» What is expected:
An exact transcript is required of the lines below, from the one containing "Cream Snowberry+Eucalyptus Kerstmis" through the very last; leave every picture out of it.

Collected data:
::::
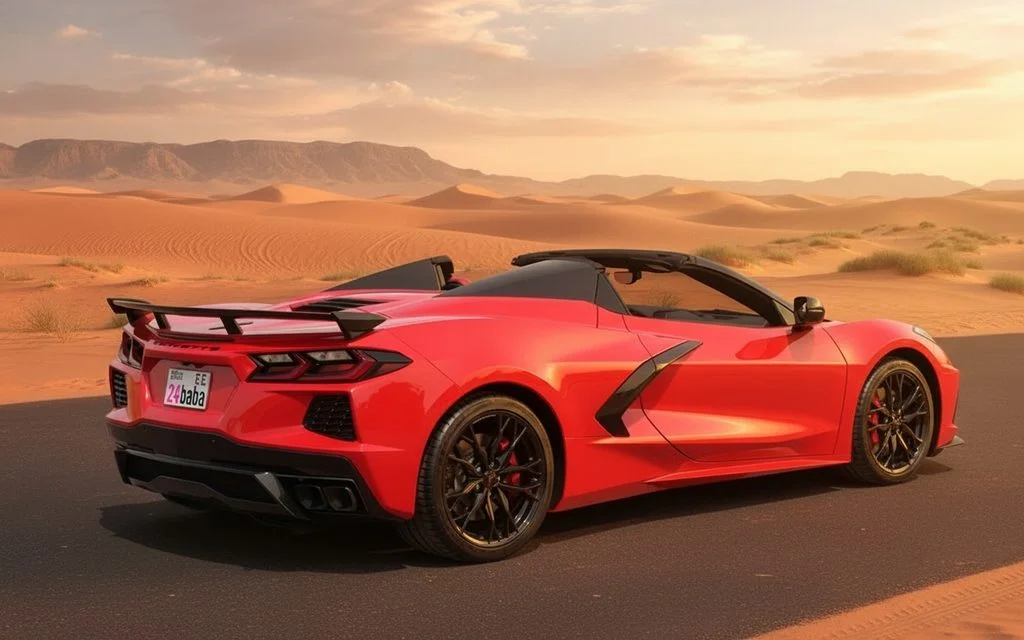 Chevrolet Corvette 2025 interior view showing trim – rental in Dubai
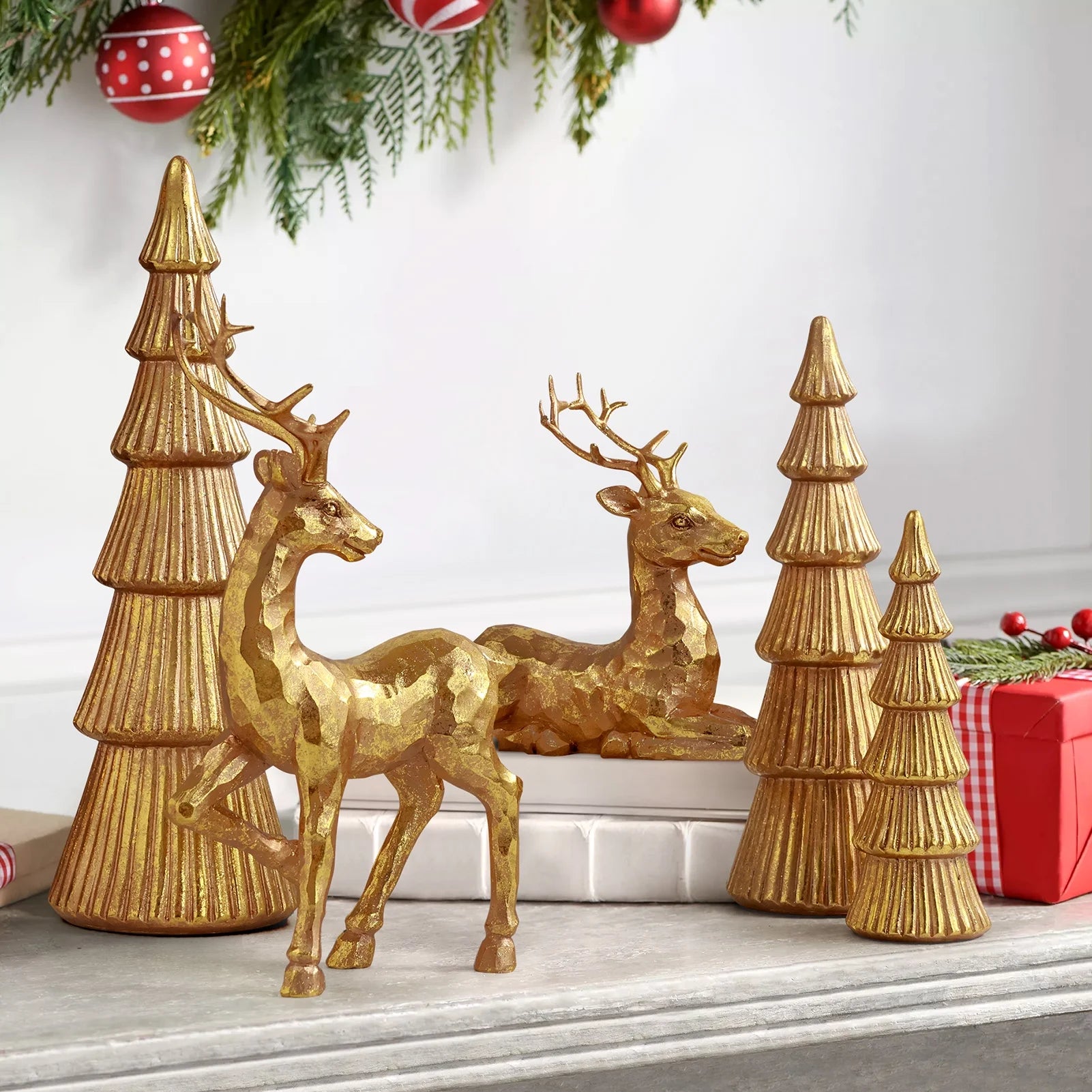 5PCS Tree and Reindeer Decortion, Christmas Tree Reindeer Figurines, Christmas Decortion Indoor (Rose Gold)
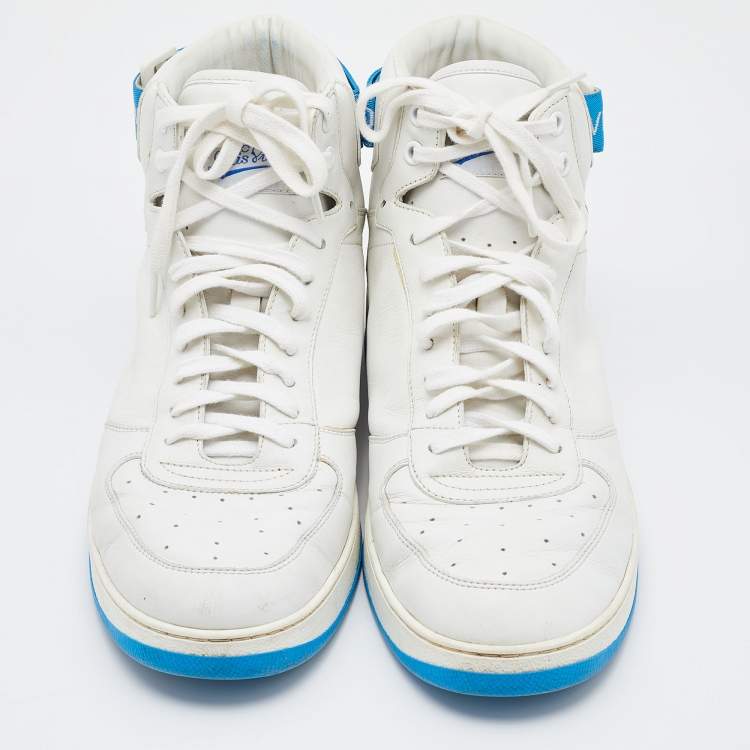 مملوكة مسبقًا Louis Vuitton White/Blue Leather Rivoli High Top Sneakers Size 41.5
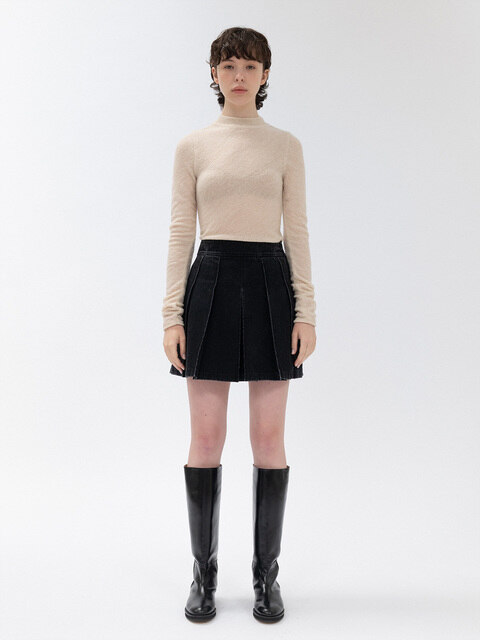 데님 - 르 (LE) - pleats denim mini skirt (black)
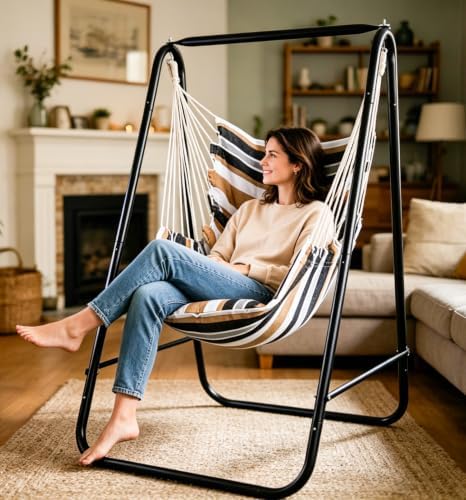 Hammock Chair with Stand,Hammock Chair Stand with Hanging Swing Chair Include...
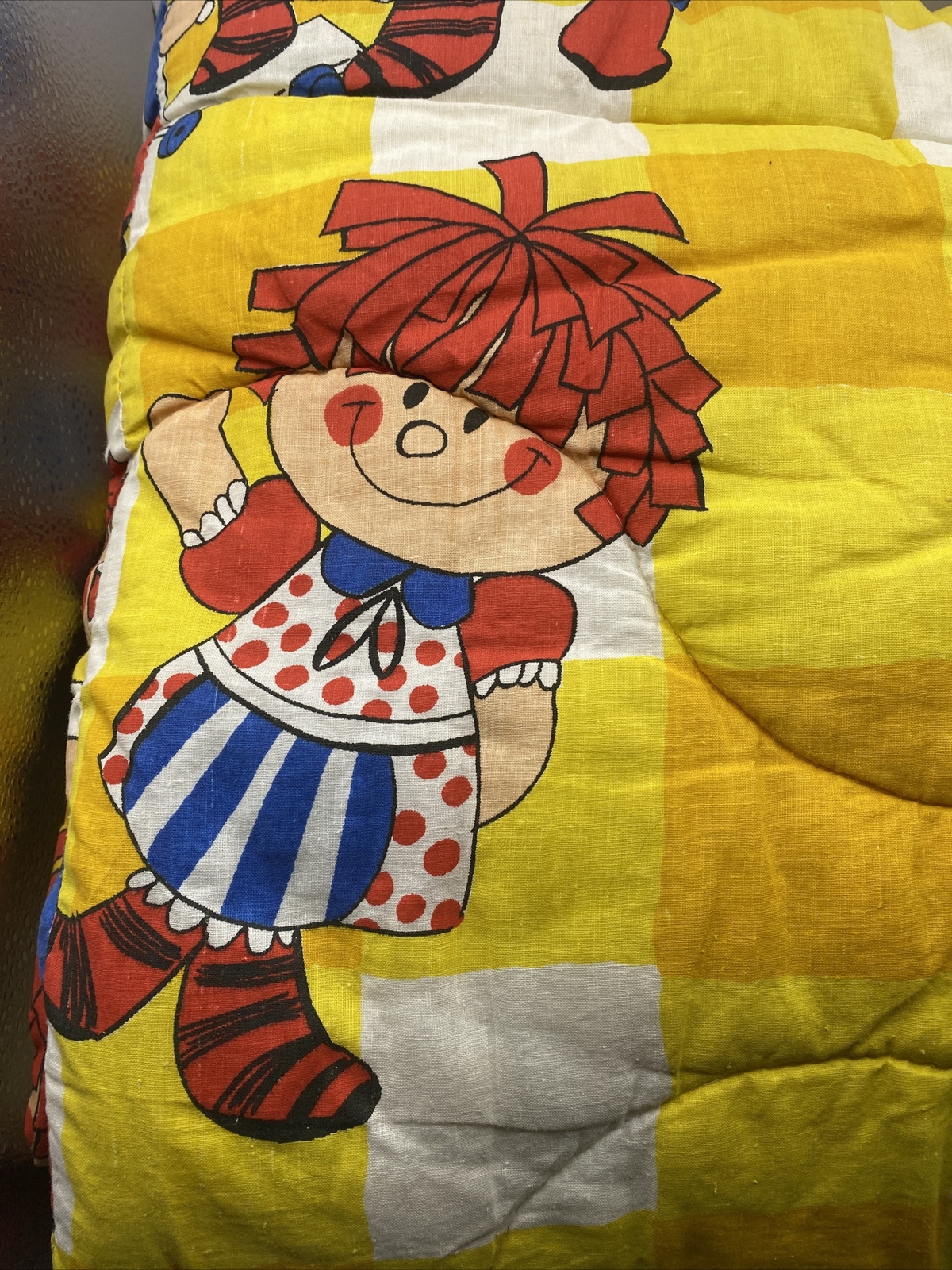 Vintage 1975 Raggedy Ann & Andy Quilted Sleeping Bag Blanket 31" x 72"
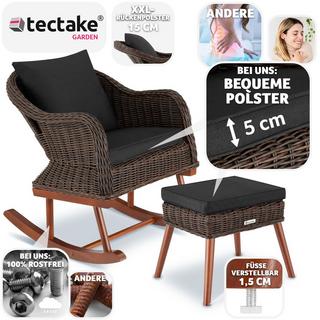 Tectake Fauteuil à bascule en rotin Rovigo avec repose-pieds Vibo  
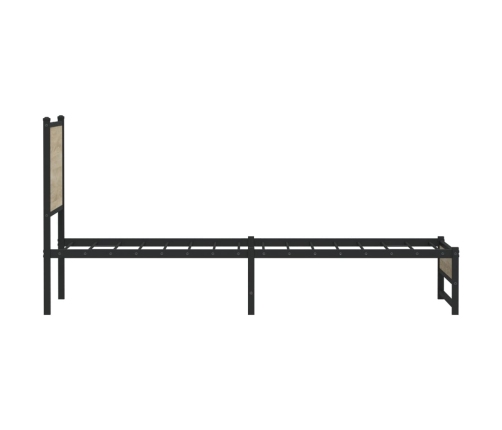 Estructura de cama sin colchón metal roble Sonoma 75x190 cm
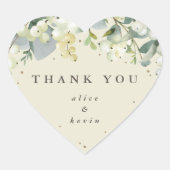 Cream Snowberry+Eucalyptus Kerstmis Dank je Hart Sticker (Voorkant)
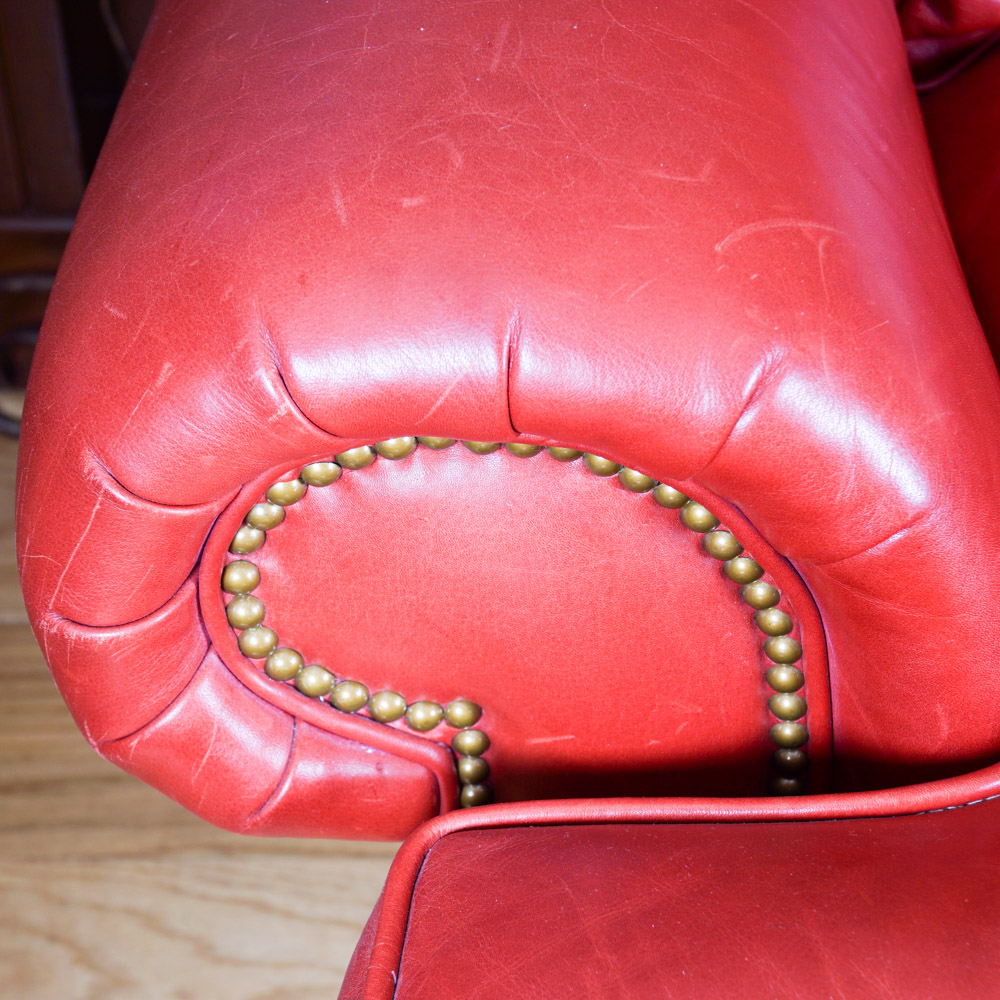 Whittemore-Sherrill Red Leather Couch with Throw Pillows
::::
» Output of the exercise:
 Cream Snowberry+Eucalyptus Kerstmis Dank je Hart Sticker (Voorkant)
 Whittemore-Sherrill Red Leather Couch with Throw Pillows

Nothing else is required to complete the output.